> **Source data**
-=-=-

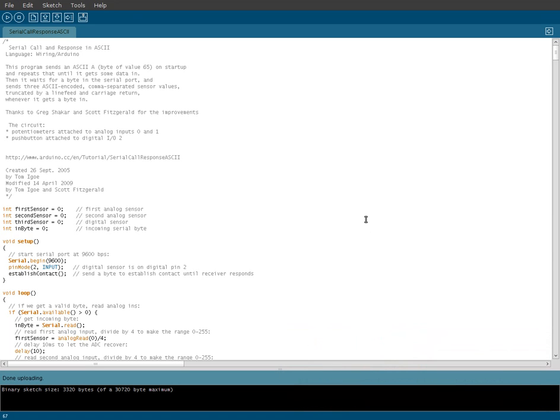Today's Arduino tutorial is going to be mainly a software tutorial. You're not even going to see the Arduino board, but we're going to talk about communications to and from the Arduino board through USB.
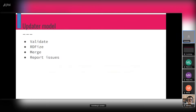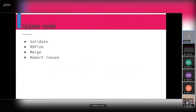The idea is that we have to have these steps for the updater. We need to start with some validation, which could be placed between each of the steps. One of the first actual steps is to RDFize the data so that we have it in some RDF format, then merge it, and then report any issues — which data we didn't RDFize, or which data we didn't merge, and things like that.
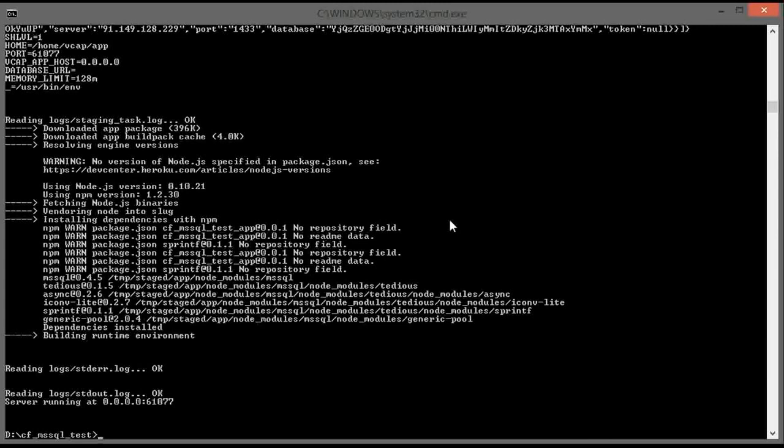Practically, that is it. We have an application that can connect to Microsoft SQL Server, an application located inside Cloud Foundry.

-=-=-

> **The task**
Pictures included in the data should be dropped; everything else must be repeated exactly.

> **Task output**
Today's Arduino tutorial is going to be mainly a software tutorial. You're not even going to see the Arduino board, but we're going to talk about communications to and from the Arduino board through USB.
The idea is that we have to have these steps for the updater. We need to start with some validation, which could be placed between each of the steps. One of the first actual steps is to RDFize the data so that we have it in some RDF format, then merge it, and then report any issues — which data we didn't RDFize, or which data we didn't merge, and things like that.
Practically, that is it. We have an application that can connect to Microsoft SQL Server, an application located inside Cloud Foundry.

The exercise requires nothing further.